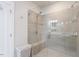 Bathroom features glass shower, bench seat, and light gray shower surround at 10310 Sablewood Dr # 115, Raleigh, NC 27617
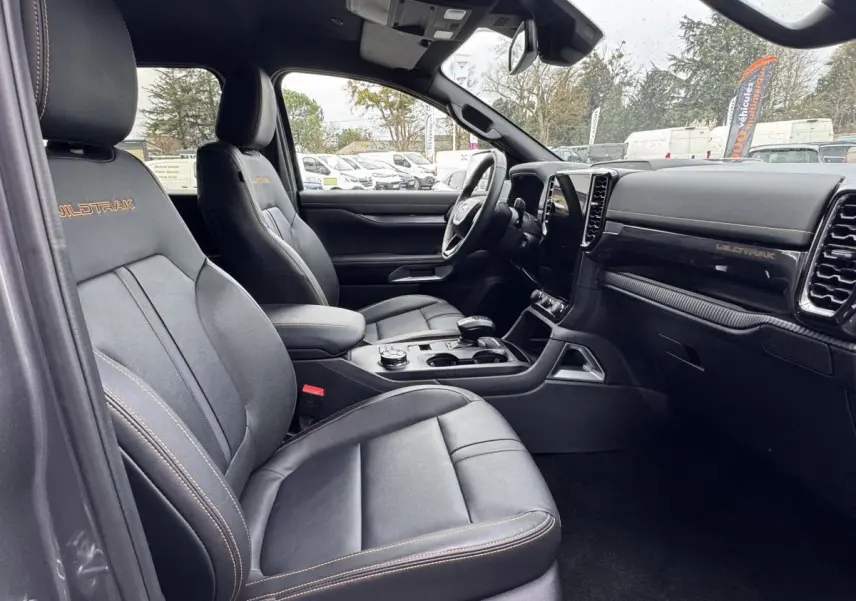 Vue intérieure côté conducteur du Ford Ranger Wildtrak 2025, sièges noirs avec surpiqûres orange et tableau de bord moderne.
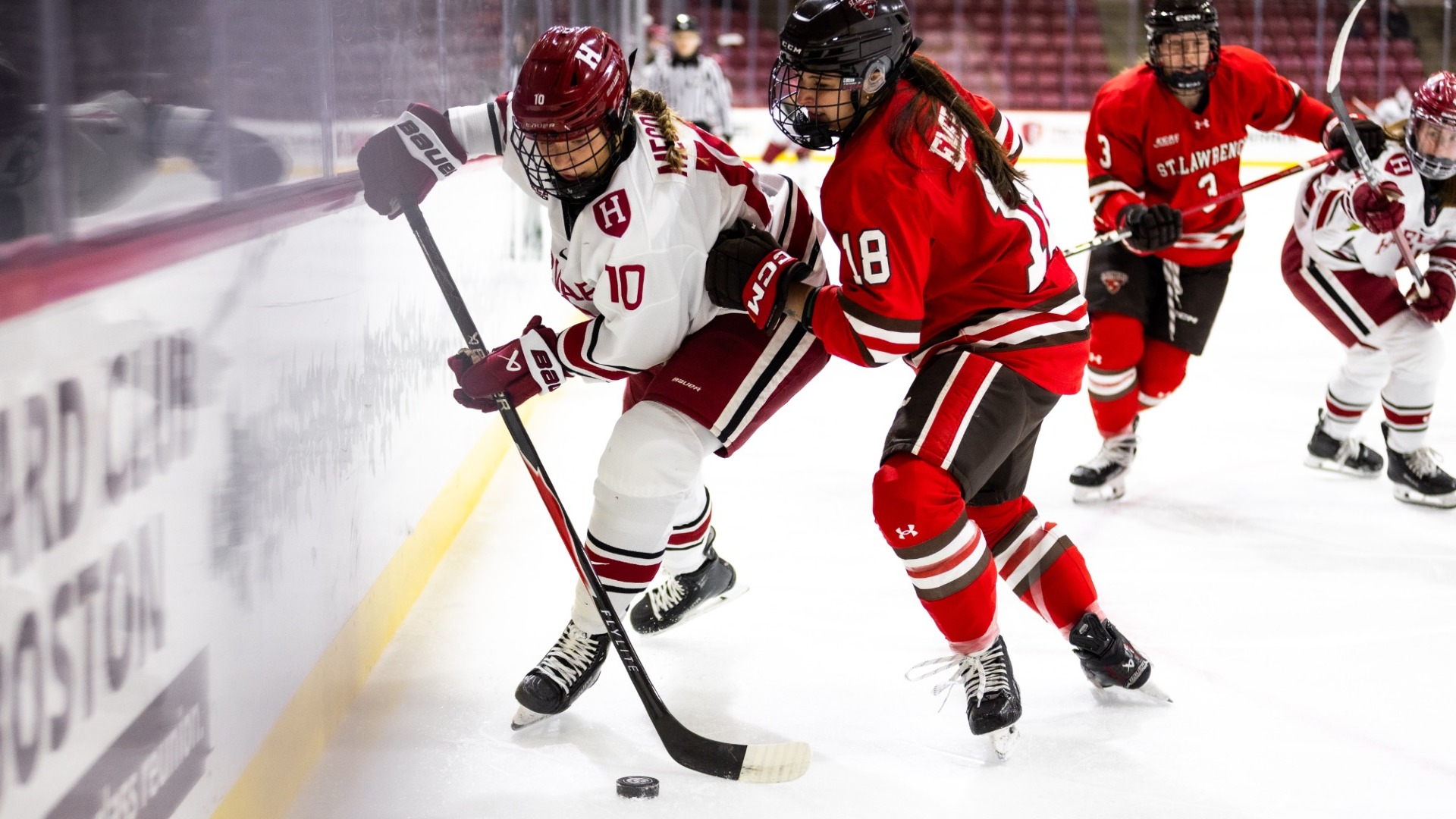 Angelica Megdanis guards the puck against St. Lawrence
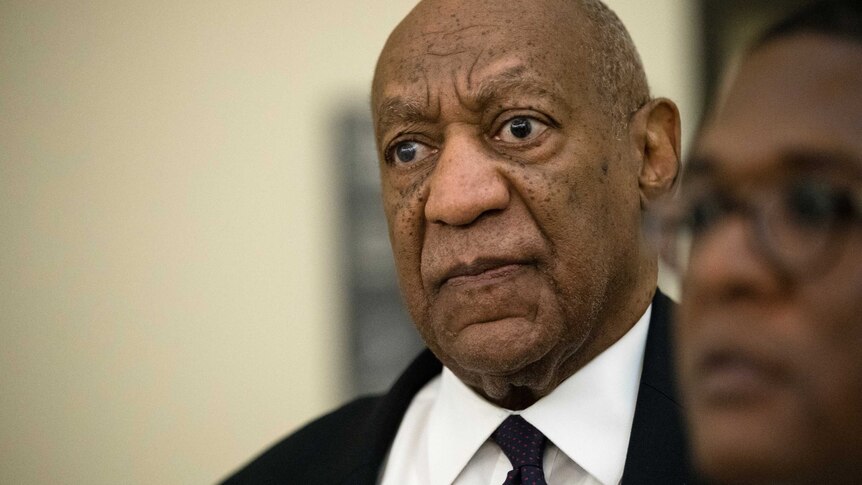 Bill Cosby returns to the courtroom during a break on the second day of his sexual assault trial.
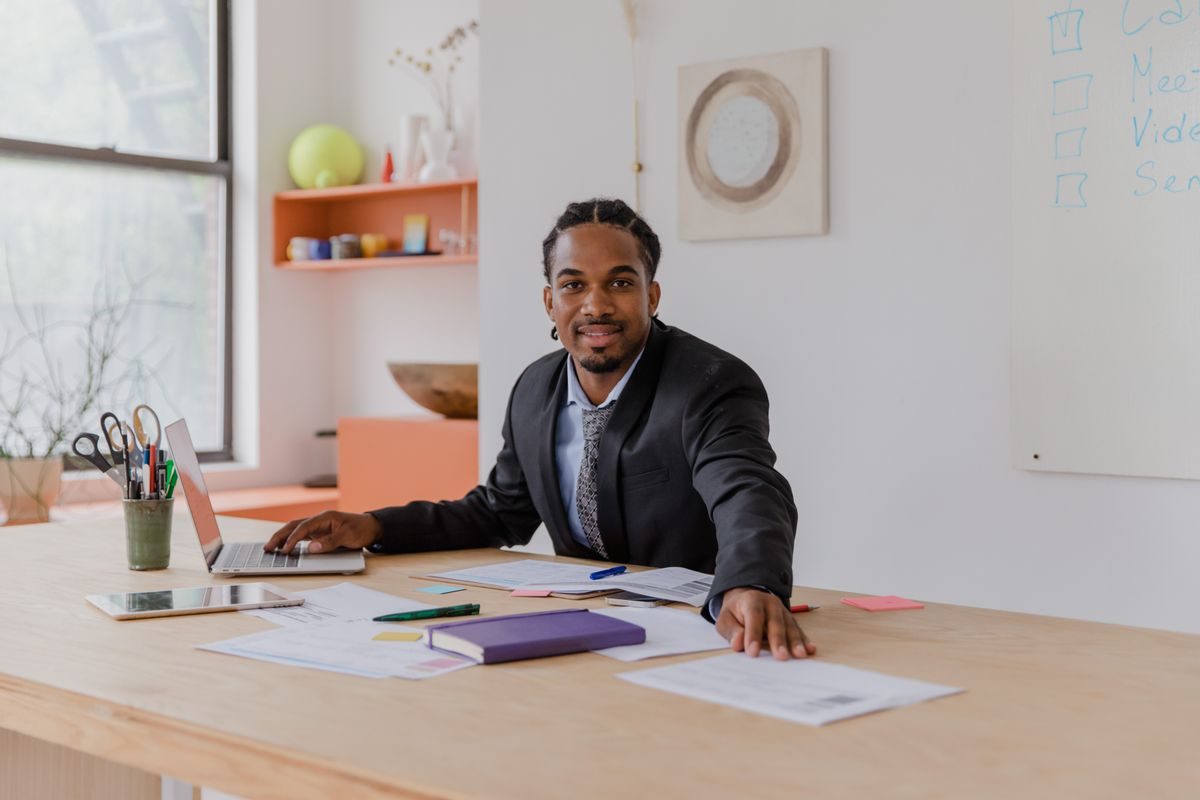 A businessman working at his desk in a bright office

########

_What the task requires_. When you restate the listing, keep every word as it is and drop the pictures.

_Task answer_.
 Bathroom features glass shower, bench seat, and light gray shower surround at 10310 Sablewood Dr # 115, Raleigh, NC 27617
 Vue intérieure côté conducteur du Ford Ranger Wildtrak 2025, sièges noirs avec surpiqûres orange et tableau de bord moderne.
 Angelica Megdanis guards the puck against St. Lawrence
 Bill Cosby returns to the courtroom during a break on the second day of his sexual assault trial.
 A businessman working at his desk in a bright office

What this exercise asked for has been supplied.